▶ [Input data]:
--
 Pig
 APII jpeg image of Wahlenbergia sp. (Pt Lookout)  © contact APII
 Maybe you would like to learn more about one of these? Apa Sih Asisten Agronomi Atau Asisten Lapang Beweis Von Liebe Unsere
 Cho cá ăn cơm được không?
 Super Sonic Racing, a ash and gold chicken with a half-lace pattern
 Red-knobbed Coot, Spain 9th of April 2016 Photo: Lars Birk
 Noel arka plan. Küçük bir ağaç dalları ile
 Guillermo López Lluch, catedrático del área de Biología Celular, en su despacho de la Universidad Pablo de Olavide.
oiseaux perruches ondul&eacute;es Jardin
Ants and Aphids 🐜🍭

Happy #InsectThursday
--
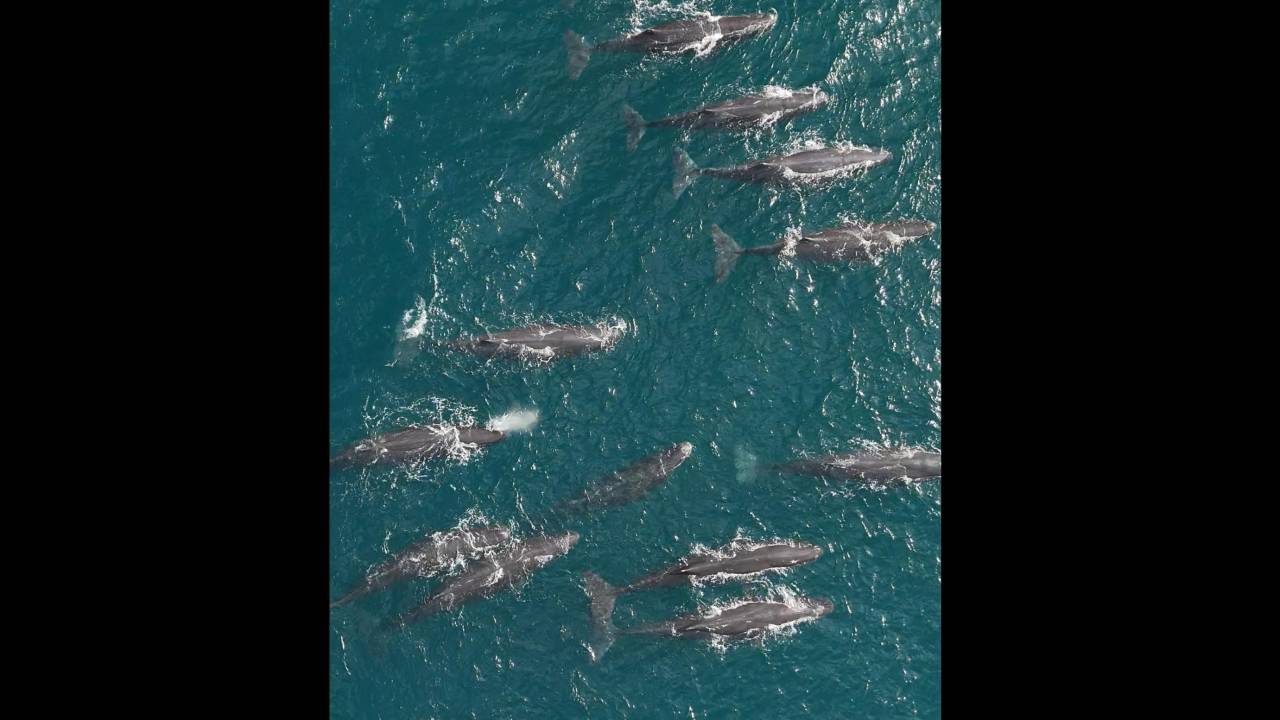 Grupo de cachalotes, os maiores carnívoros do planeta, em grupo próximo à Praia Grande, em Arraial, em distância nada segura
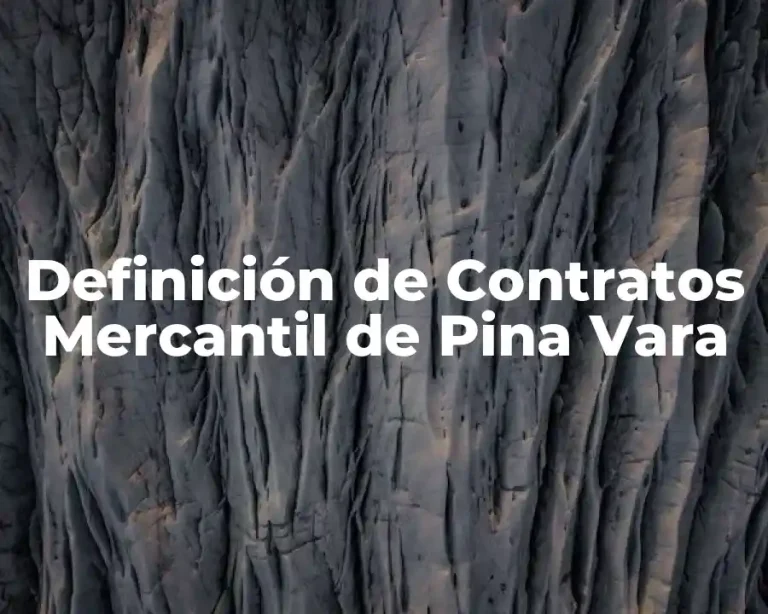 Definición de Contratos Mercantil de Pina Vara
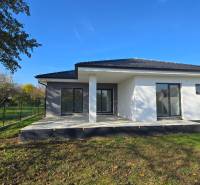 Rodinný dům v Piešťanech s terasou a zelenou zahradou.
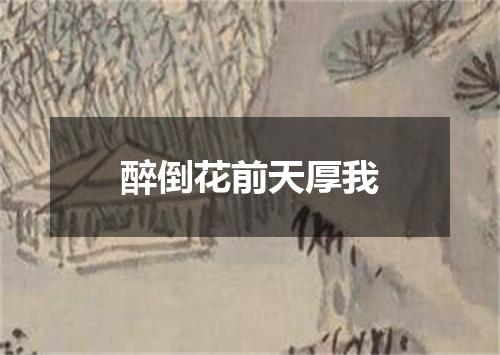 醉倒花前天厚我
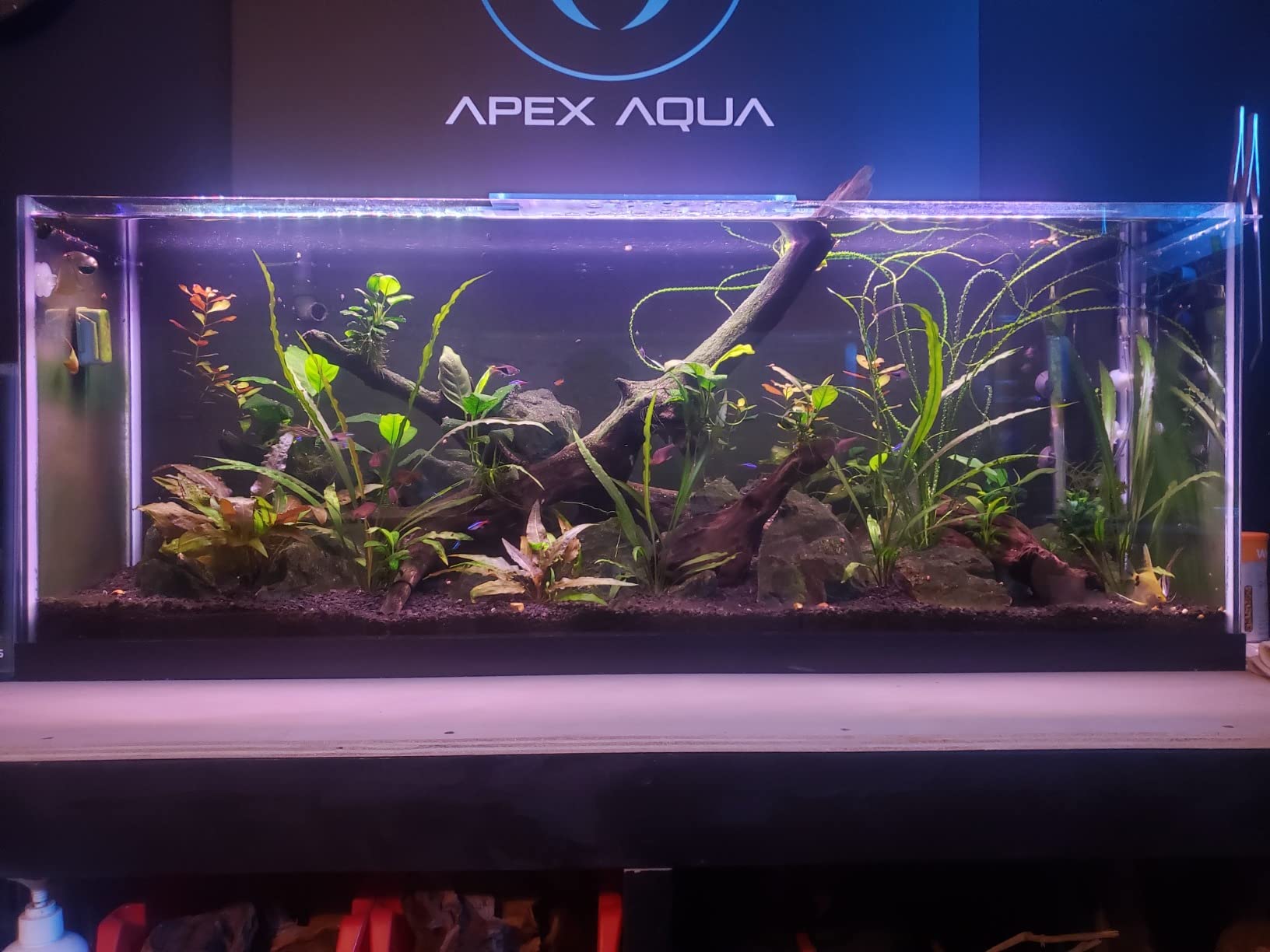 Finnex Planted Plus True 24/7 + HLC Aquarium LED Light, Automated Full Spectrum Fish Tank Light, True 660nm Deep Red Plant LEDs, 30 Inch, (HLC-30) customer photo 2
--
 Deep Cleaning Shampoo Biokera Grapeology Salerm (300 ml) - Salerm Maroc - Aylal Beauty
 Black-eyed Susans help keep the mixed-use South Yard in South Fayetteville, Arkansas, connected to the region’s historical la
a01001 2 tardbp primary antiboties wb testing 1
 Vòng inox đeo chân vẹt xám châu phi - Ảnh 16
--
▶ [Your assignment]: Using the records above, set down exactly the lines from the one with "Cho cá ăn cơm được không?" through the one with "Happy #InsectThursday", inclusive, and nothing more.

▶ [Solution to this problem]:
 Cho cá ăn cơm được không?
 Super Sonic Racing, a ash and gold chicken with a half-lace pattern
 Red-knobbed Coot, Spain 9th of April 2016 Photo: Lars Birk
 Noel arka plan. Küçük bir ağaç dalları ile
 Guillermo López Lluch, catedrático del área de Biología Celular, en su despacho de la Universidad Pablo de Olavide.
oiseaux perruches ondul&eacute;es Jardin
Ants and Aphids 🐜🍭

Happy #InsectThursday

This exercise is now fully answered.